Personal information
- Full name: Ileana María Dávila Rodríguez
- Date of birth: 24 January 1975 (age 51)
- Place of birth: Córdoba, Mexico
- Height: 1.66 m (5 ft 5+1⁄2 in)

Team information
- Current team: Atlante (women) (Manager)

Managerial career
- Years: Team
- 2017: UNAM U13
- 2017–2021: UNAM (women)
- 2024: Los Aliens 1021 (AQL)
- 2025: Peluche Caligari (AQL)
- 2026: Atlante U-19 (women)
- 2026–: Atlante (women)

= Ileana Dávila =

Mexican football manager and former player

Ileana María Dávila Rodríguez (born 24 January 1975) is a Mexican football manager. Dávila currently works as a football analyst for Televisa Deportes Network.

==Career==
===Early career===
Ileana Dávila was born on 24 January 1975 in Córdoba, Veracruz.
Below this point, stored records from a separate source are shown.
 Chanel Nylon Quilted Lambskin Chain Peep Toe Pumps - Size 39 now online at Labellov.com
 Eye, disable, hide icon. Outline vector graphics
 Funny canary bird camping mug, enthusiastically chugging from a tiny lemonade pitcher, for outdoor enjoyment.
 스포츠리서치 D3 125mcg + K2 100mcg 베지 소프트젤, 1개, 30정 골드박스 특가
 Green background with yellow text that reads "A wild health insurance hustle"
After seeing an ad in a newspaper for a football coach program, Dávila started her formation at the Mexican Football Federation school and she later successfully graduated from the program, being the only woman in her class.
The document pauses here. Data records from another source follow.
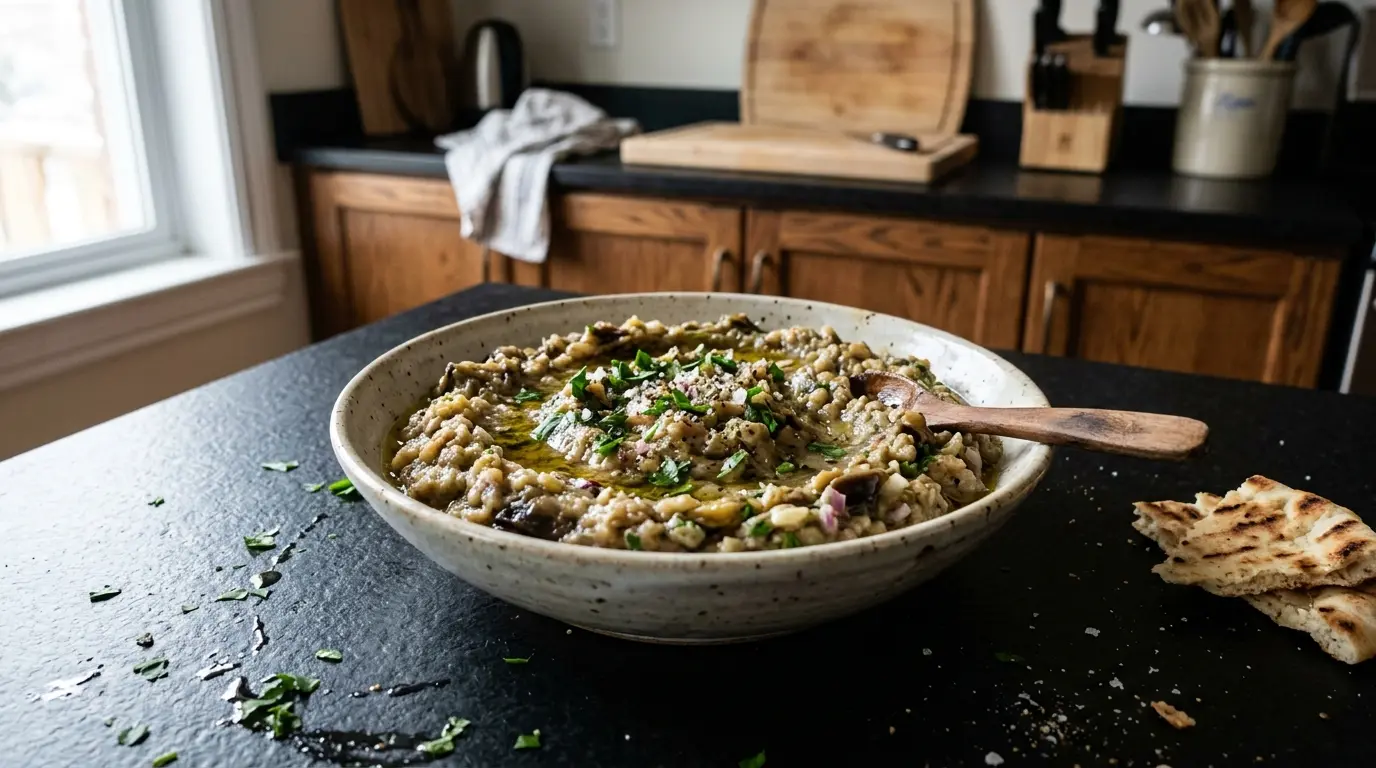 Melitzanosalata – pasta z pieczonego bakłażana po grecku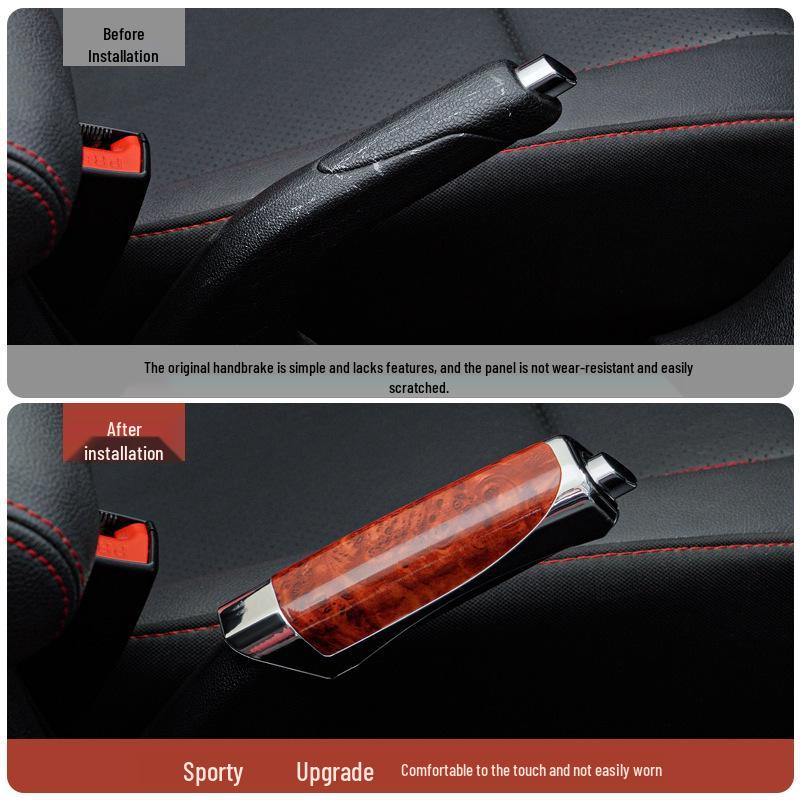 Car Interior Handbrake Lever Decorative Cover, ABS Sheath with Carbon Fiber & Peach Wood Grain Pattern
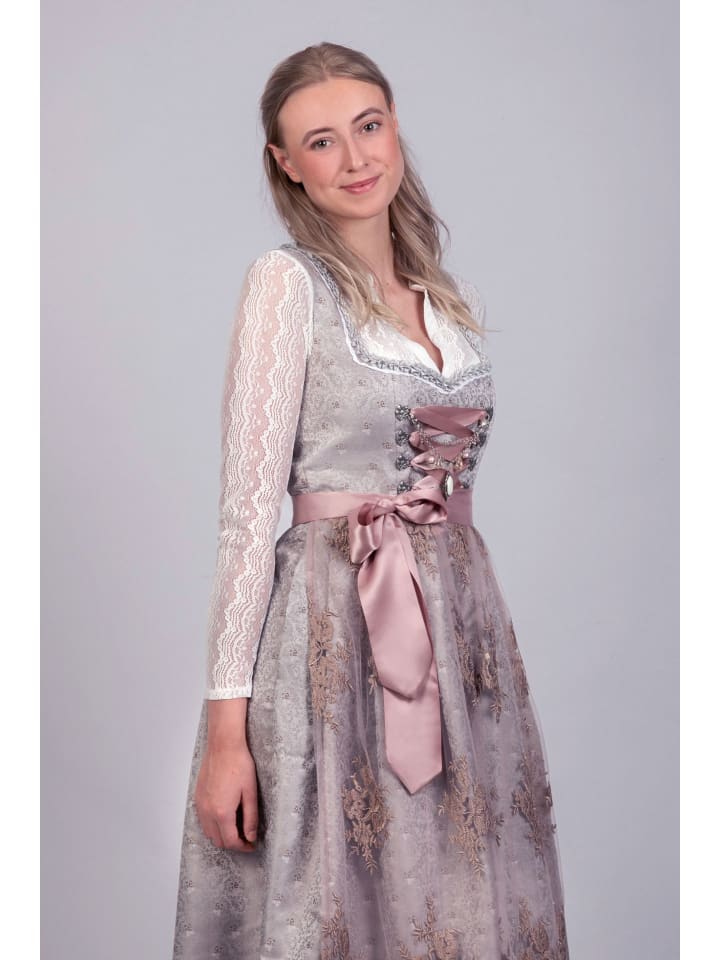 Edelnice Langes Dirndl 2-teilig Aurelie in silber, rosé günstig kaufen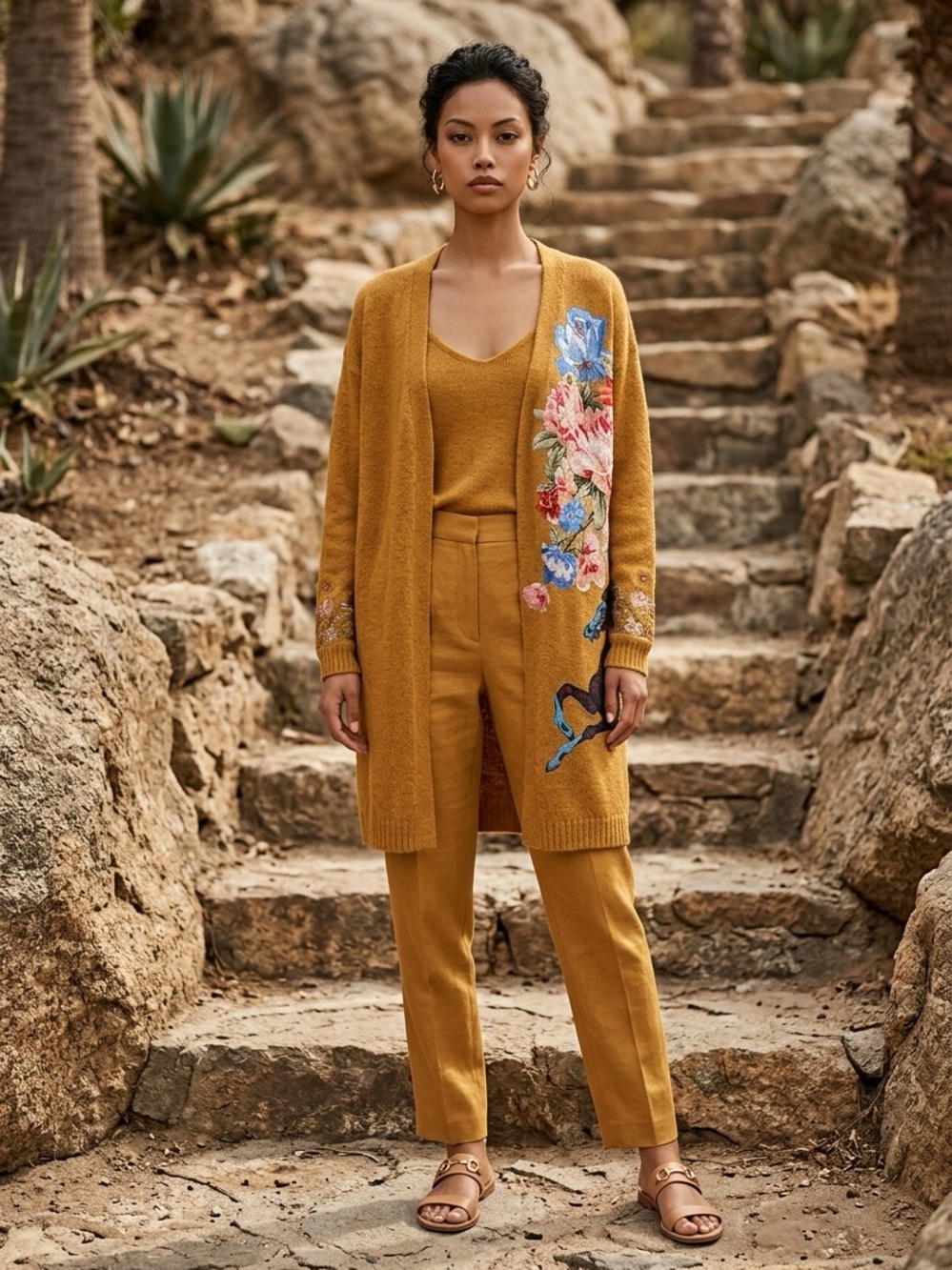 ARATTA Mustard Floral-Embroidered Knit Cardigan with horse print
She started her career coaching college and indoor football teams, and in 2017 she went to the Club Universidad Nacional looking for a job. Initially, Dávila asked to be the first team's kit manager, since UNAM did not have any women's football program at the moment, but club chairman Rodrigo Ares de Parga refused. Ares de Parga still hired her, but she was appointed as manager of UNAM's Academy lowest youth category, the U13, instead. Dávila was the first ever female football coach in any team of the Club Universidad Nacional.

===UNAM Women===
Back in December 2018, the Mexican Football Federation had created the Liga MX Femenil, Mexico's women's football top league, the league was set to start in July 2017. In April 2017, a few months behind the start of the season, Dávila was appointed manager of UNAM Women.

Dávila officially debuted as manager of UNAM Femenil on 10 March 2017 in a match of the 2017 Copa MX Femenil against UANL Women, which the team won 4–1. UNAM lost their two next matches against América and Monterrey and did not qualify to the knockout stage.

For the Apertura 2017, the Pumas UNAM finished seventh, therefore not qualifying to the playoffs. The club would have the exact same fate for the Clausura 2018.

For the 2018–19 season, Dávila lead the team to the playoffs on both the Apertura and Clausura tournaments, but were eliminated on quarterfinals twice.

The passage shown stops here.